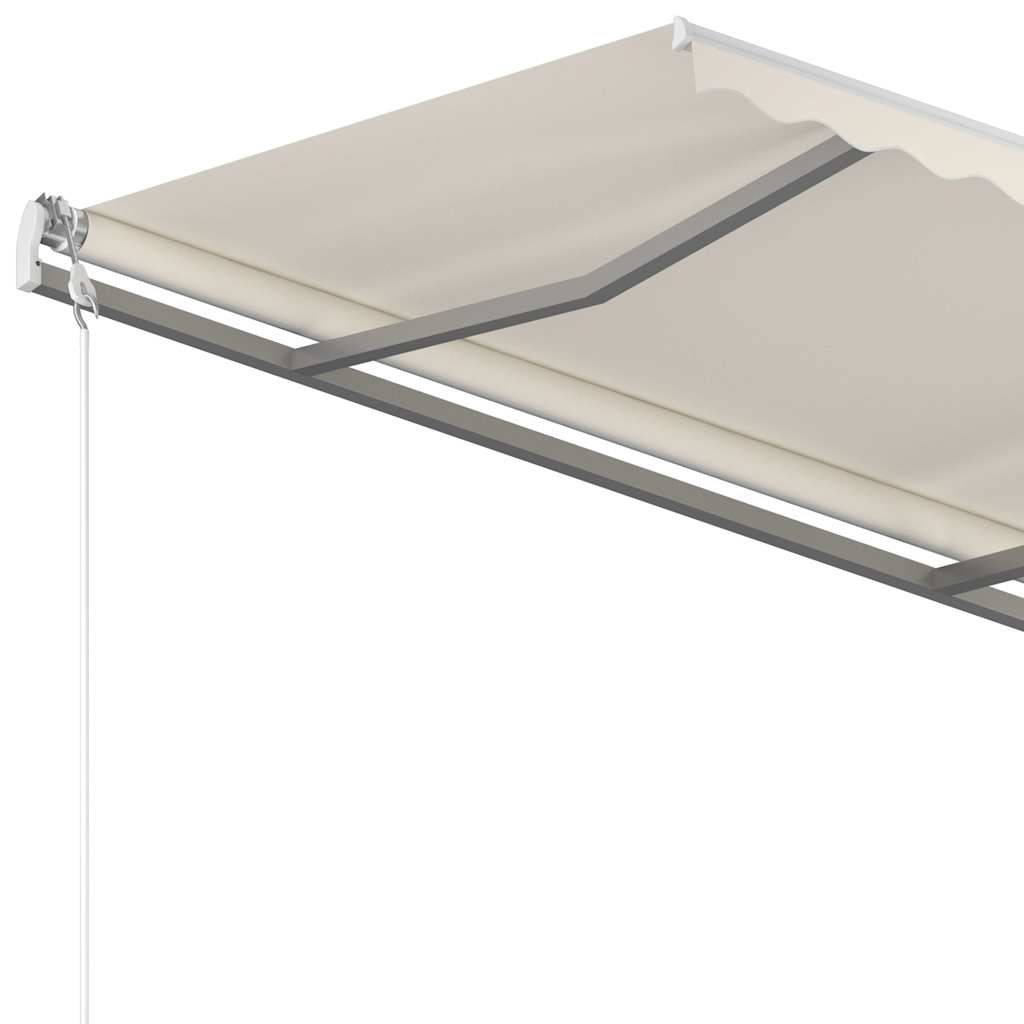 Automatic Retractable Awning with Posts 3x2,5 m Cream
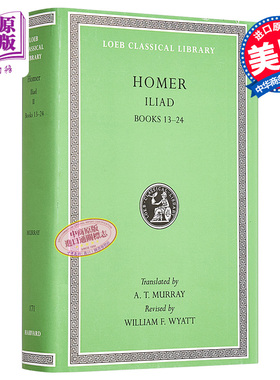 预售 荷马史诗 伊利亚特 洛布古典丛书 卷13-24 Iliad Volume II Homer 英文原版 Loeb Classical Library 原文希英对照版
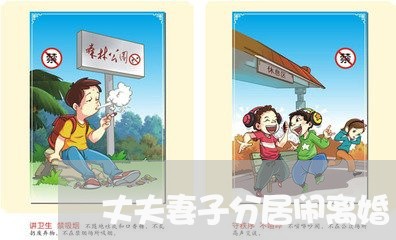 丈夫妻子分居闹离婚/2023042394306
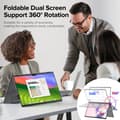 Miniatyrbillede 5 af 5: Dual Skærm Monitor, 18,5 Tommer Full HD, USB-C og Mini HDMI Forbindelse,EU-stik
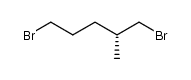 (+)-(R)-2-methyl-1,5-dibromopentane结构式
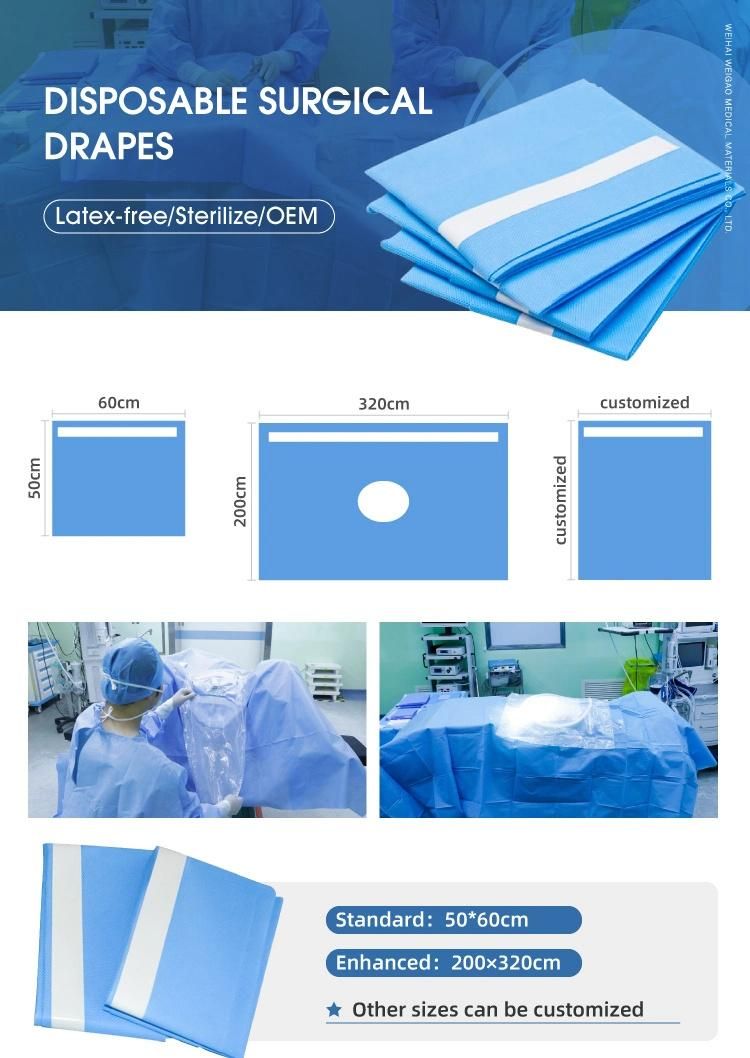 Best Selling Bed Gowns Disposable Surgical Drape Surgical Towel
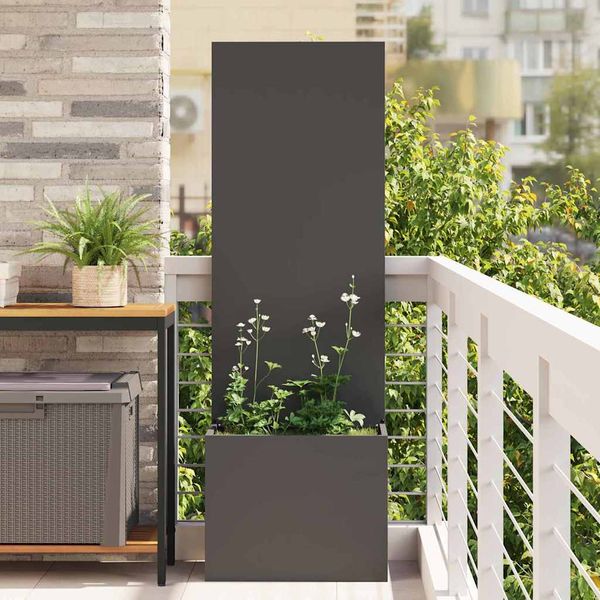 vidaXL Záhradná clona na súkromie Rezací Čierna 50 x 150 cm
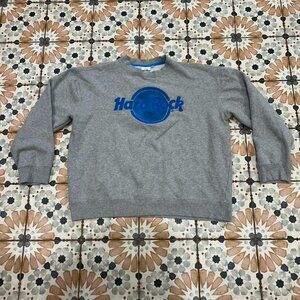 Vintage Hard Rock Cafe Sweatshirt Embroidered - Tagged XL, Fits L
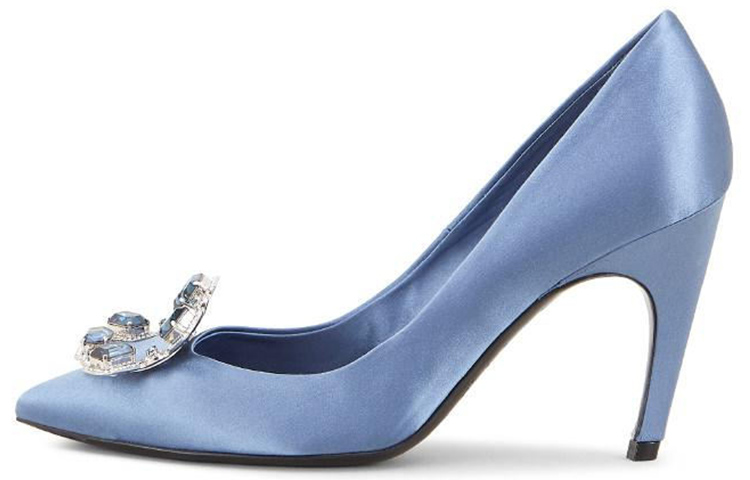 (W) Roger Vivier Choc Real 'Crown Jewels Light Blue Heels'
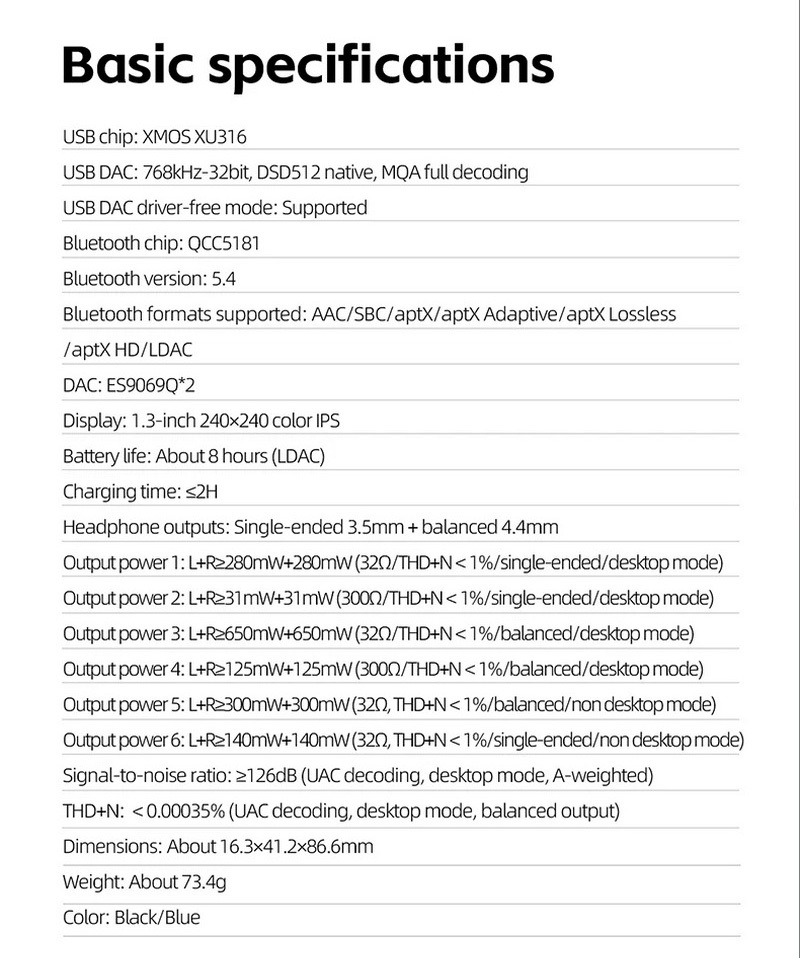 FiiO BTR17 Bluetooth DAC/AMP พกพาชิป ES9069x2+THX AAA 78+ x2 รองรับ MQA Dual Hi-Res ประกันศูนย์ไทย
- - -
Goal of the exercise:
Although the records include pictures, output only their text, exactly and completely.

Solution for this problem:
 Automatic Retractable Awning with Posts 3x2,5 m Cream
 预售 荷马史诗 伊利亚特 洛布古典丛书 卷13-24 Iliad Volume II Homer 英文原版 Loeb Classical Library 原文希英对照版
 丈夫妻子分居闹离婚/2023042394306
 Miniatyrbillede 5 af 5: Dual Skærm Monitor, 18,5 Tommer Full HD, USB-C og Mini HDMI Forbindelse,EU-stik
 (+)-(R)-2-methyl-1,5-dibromopentane结构式
 Best Selling Bed Gowns Disposable Surgical Drape Surgical Towel
 vidaXL Záhradná clona na súkromie Rezací Čierna 50 x 150 cm
 Vintage Hard Rock Cafe Sweatshirt Embroidered - Tagged XL, Fits L
 (W) Roger Vivier Choc Real 'Crown Jewels Light Blue Heels'
 FiiO BTR17 Bluetooth DAC/AMP พกพาชิป ES9069x2+THX AAA 78+ x2 รองรับ MQA Dual Hi-Res ประกันศูนย์ไทย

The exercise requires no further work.